Koinobori - The carp streamers are arranged in a manner that the head of the family is placed at the top.

It also serves as an expression of the family wish that their children will grow up strong and be able to successfully face the challenges that life will bring.

As you can see, the largest fish represents the head of the family, while the smallest would most probably represent the youngest child. Blue is usually used to represent the youngest in the family.

Doll me up


Kintaro dolls are usually put on display indoors on children’s day.

Kintaro is a Japanese folk hero. Stories have been written about his superior strength, bravery and his rise to the status of a famous warrior as an adult. With all the build up on his strength and bravery, you must be thinking that Kintaro has a really bushy moustache and grouch eyebrows. On the contrary, Kintaro actually looks very cute. Take a look for yourself.

A Kintaro doll put on display indoors.

Lets hope Kintaro does not appear in my dreams to throw a punch at my face for calling him cute.



“Nom Nom’s”

Kashiwamochi is a customary food that is eaten on Children’s Day in Japan.

To make mochi, one has to take cooked rice and pound it until it becomes a sticky pulp. Sounds easy. But it certainly is not, as it can take hours to reach the correct consistency.

The process of pounding the rice to make mochi

The mochi (sticky rice) is then used to form a rice cake, which is stuffed with yam paste and wrapped in oak leaves.

Kashiwamochi wrapped in Oak leaves

Chimaki (a dumpling wrapped in bamboo leaves) is also eaten.

Chimaki wrapped in bamboo leaves

Bath Time

Syobuyu is the bath that families take on Children’s Day. These hot baths are sprinkled with iris leaves and roots. This is because the iris is thought to promote good health and ward off evil.

Syobuyu is the bath which families take on Children's day . It is sprinkled with iris leaves and roots

Iris leaves were also believed to have the mysterious power of extinguishing fire and for this reason, in rural areas today, people still use iris leaves as a talisman against the possible outbreak of a fire or presence of evil spirits.

Carp, Samurai’s, irises, oak trees and bamboos. What’s the link? All of these items symbolize strength and are therefore used in abundance on Children’s Day. No one messes with nature.

I am child. Hear me roar!

A more recent event that has come to be celebrated on “Kodomo no Hi” is the Children’s Day Olympics at the National Kasumigaoka Stadium. This is a big event and even includes a torch ceremony at the beginning of the games.

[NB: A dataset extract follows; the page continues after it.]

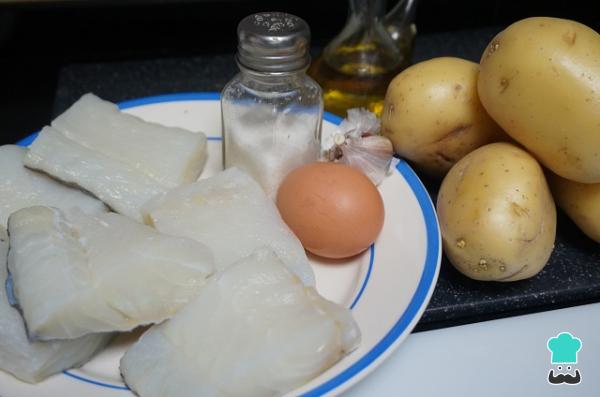 Recette de Gratin de Morue à l'Aïoli et Pommes de Terre - Étape 1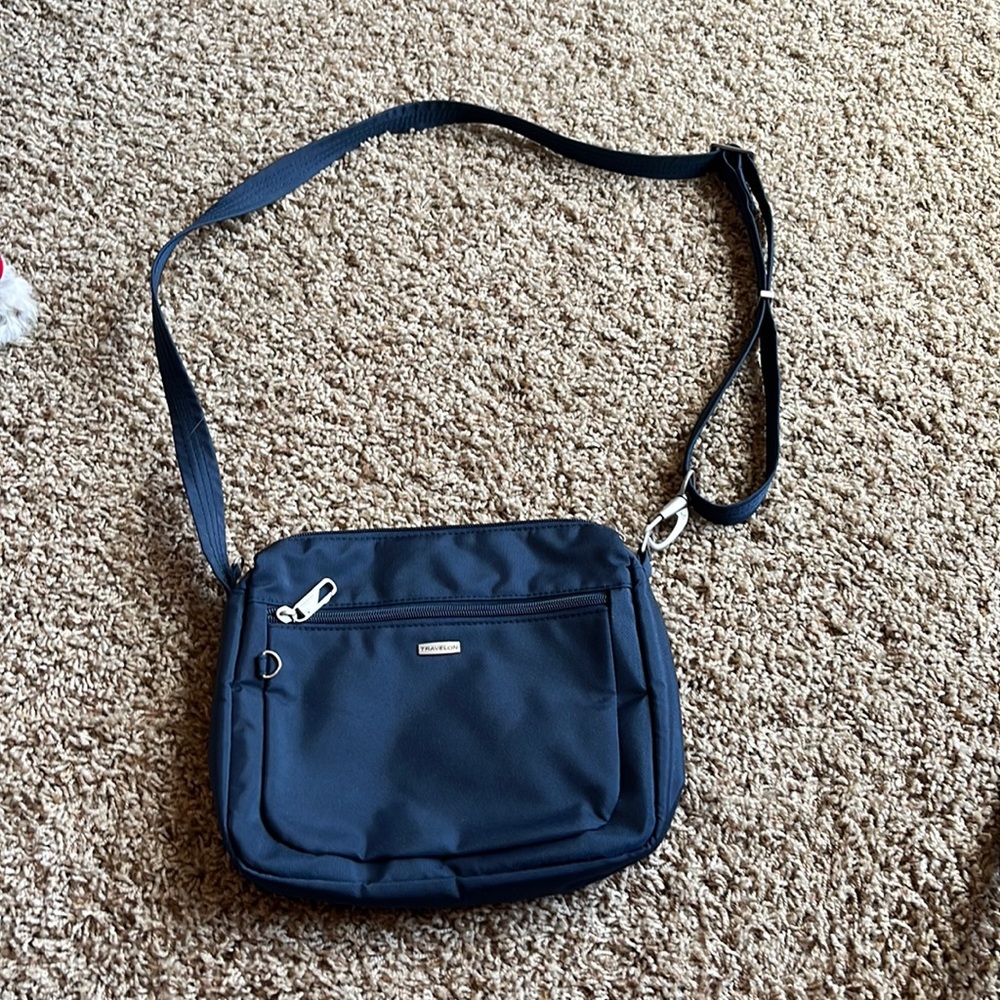 Travelon purse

Japan sure knows how to party.

Other than all the funky Japanese words, what do we learn from the Japanese celebrating Children’s Day?

The Children's Olympics held on Kodomo No Hi

All these customs and traditions that are repeated year after year are performed to stress the importance of respecting the character of children and promoting their happiness and health.  They remind themselves, that the greatest lessons can be learnt from children, and even the most courageous personality can be found in the smallest of forms. Children.

Happy Children's Day !

TheAsianparent wishes you a Happy Children’s Day!!